Copy out the entire listing below exactly, but without its pictures.

--- DATA ---

------------------------

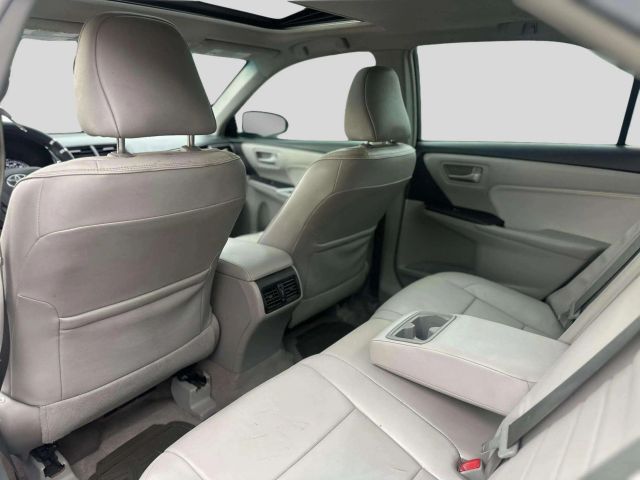 2016 Toyota Camry XLE — photo 13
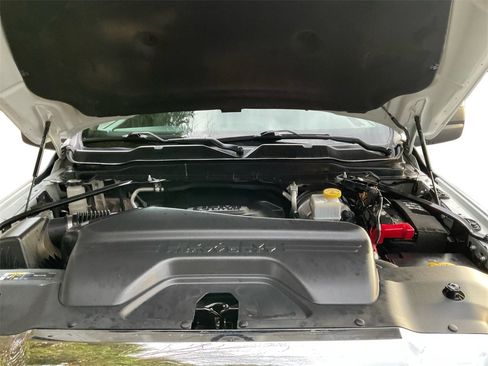 Used 2024 RAM 2500 Big Horn image 13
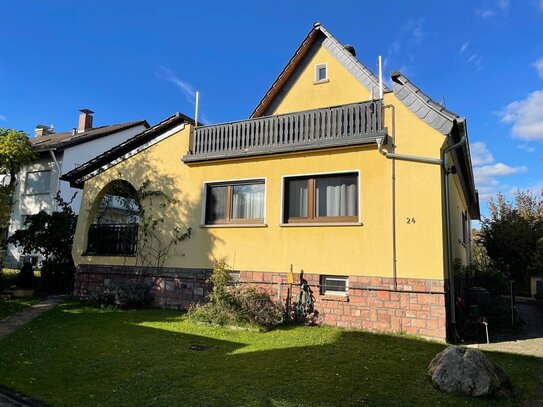 Großzügiges Mehrfamilienhaus mit zwei Gebäuden in Bergen-Enkheim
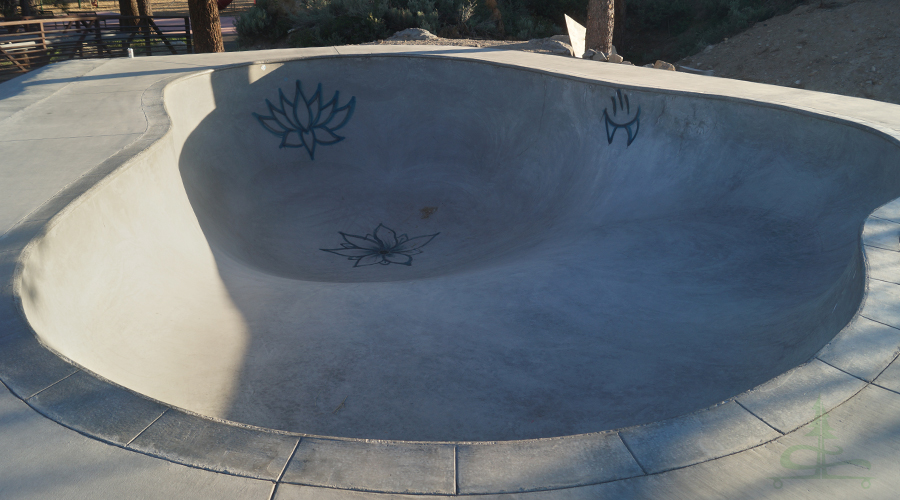 pool like bowl at the mammoth skatepark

------------------------

--- EXERCISE OUTPUT ---
 2016 Toyota Camry XLE — photo 13
 Used 2024 RAM 2500 Big Horn image 13
 Großzügiges Mehrfamilienhaus mit zwei Gebäuden in Bergen-Enkheim
 pool like bowl at the mammoth skatepark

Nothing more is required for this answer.